Jakarta, FORTUNE - Kementerian Kesehatan (Kemenkes) menargetkan bahan baku obat parasetamol 100 persen bisa diproduksi di dalam negeri pada 2027. Sejauh ini, pemerintah telah mengidentifikasi 16 bahan baku obat yang kebanyakan dikapalkan dari luar negeri, dan telah mulai mengembangkan agar dapat diproduksi secara domestik.
"Misalnya Parasetamol di tahun 2021 itu 99,9 persen masih impor, dan sekarang kita sudah mulai membuat pabriknya di dalam negeri, dan diharapkan impor bisa turun di 2024 sampai 19 persen.

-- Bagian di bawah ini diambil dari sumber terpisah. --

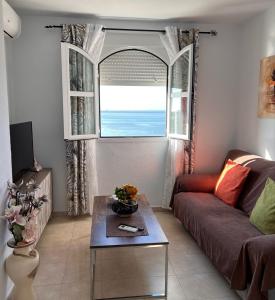 a living room with a couch and a table and a window at Estudios Costavigía Mazagón by Ramona in Mazagón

Dari 99 persen menjadi 19 persen," ujar Menteri Kesehatan, Budi Gunawan Sadikin, dalam rapat kerja dengan Komisi IX DPR di Kompleks Parlemen, Selasa (8/11).
Budi mengatakan bahan baku obat tersebut bakal diproduksi oleh PT Kaltim Parna Industri (KPI) dan PT Kimia Farma Sungwun Pharmacopia (KFSP). Pada 2021, Kemenkes telah menyiapkan pembangunan fasilitas produksi yang bekerja sama dengan PT KPI. Kemudian pada 2022, KFSP meneken MoU dengan Sinopharm.
Nantinya ketika obat telah diproduksi, Kemenkes akan mendorong industri melakukan peralihan dari impor dengan membeli produk buatan dalam negeri.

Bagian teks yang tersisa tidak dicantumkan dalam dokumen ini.